▶ Recorded information

══════════════════════════════

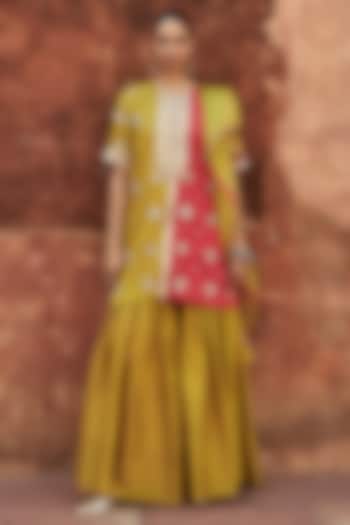 Yellow Satin Silk Zardosi Embroidered Kurta Set by Avacara at Pernia's Pop Up Shop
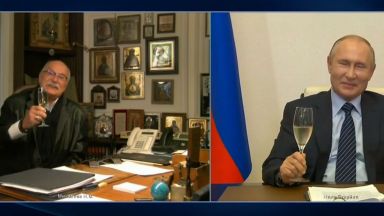 Никита Михалков пие шампанско във видеоразговор с Путин навръх 75-та си годишнина
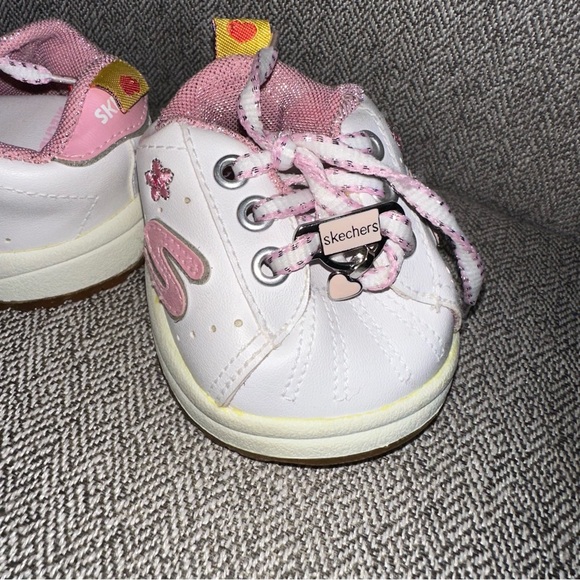 Build A Bear Clothing Accessories SKECHERS Sneakers Tennis Pink HEART Charm BABW - Picture 6 of 9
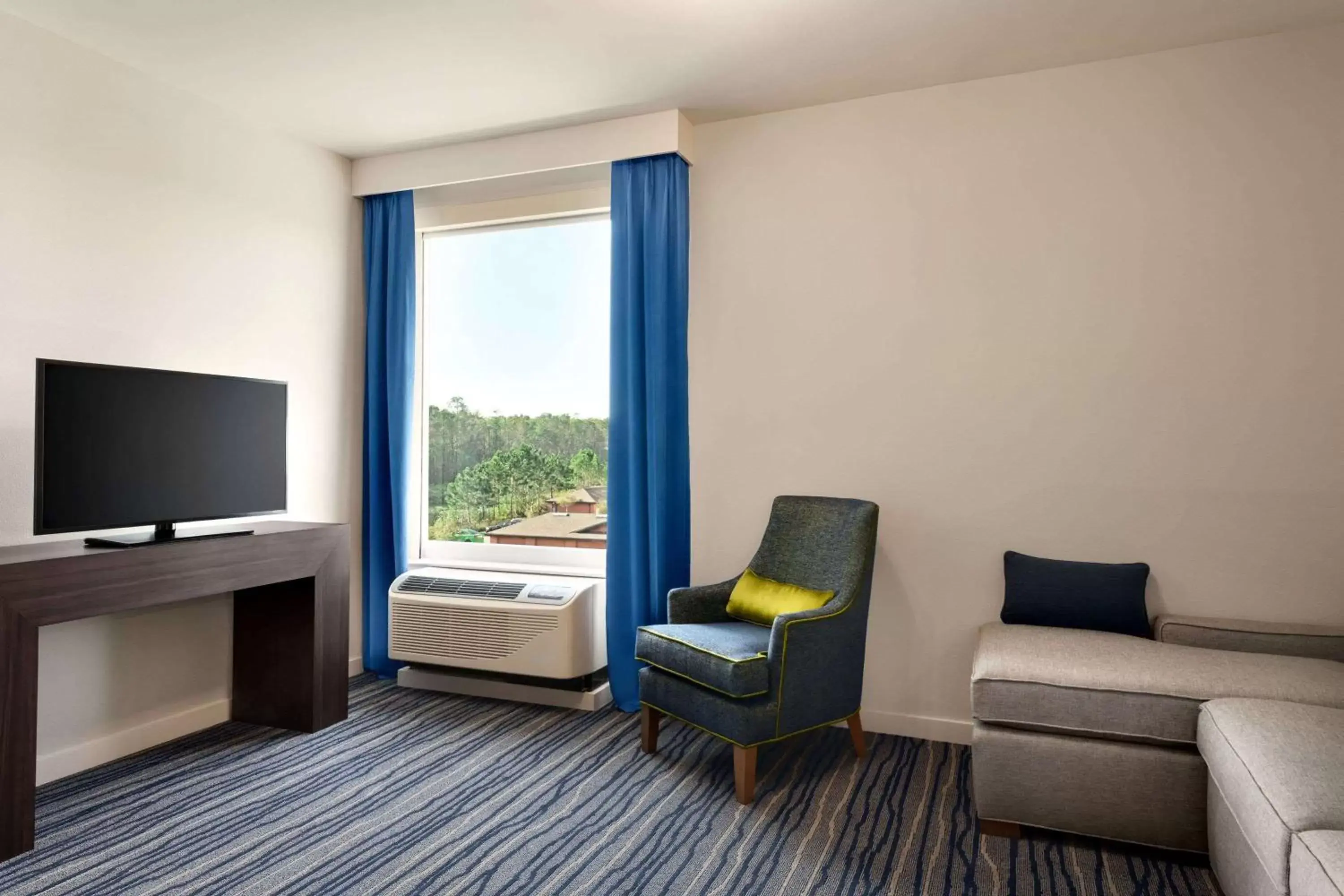 Photo of the whole room, Seating Area in La Quinta Inn & Suites by Wyndham Orlando I-Drive Theme Parks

══════════════════════════════

▶ What the task asks
Retype the listing exactly. Leave out its pictures.

▶ Solved problem
 Yellow Satin Silk Zardosi Embroidered Kurta Set by Avacara at Pernia's Pop Up Shop
 Никита Михалков пие шампанско във видеоразговор с Путин навръх 75-та си годишнина
 Build A Bear Clothing Accessories SKECHERS Sneakers Tennis Pink HEART Charm BABW - Picture 6 of 9
 Photo of the whole room, Seating Area in La Quinta Inn & Suites by Wyndham Orlando I-Drive Theme Parks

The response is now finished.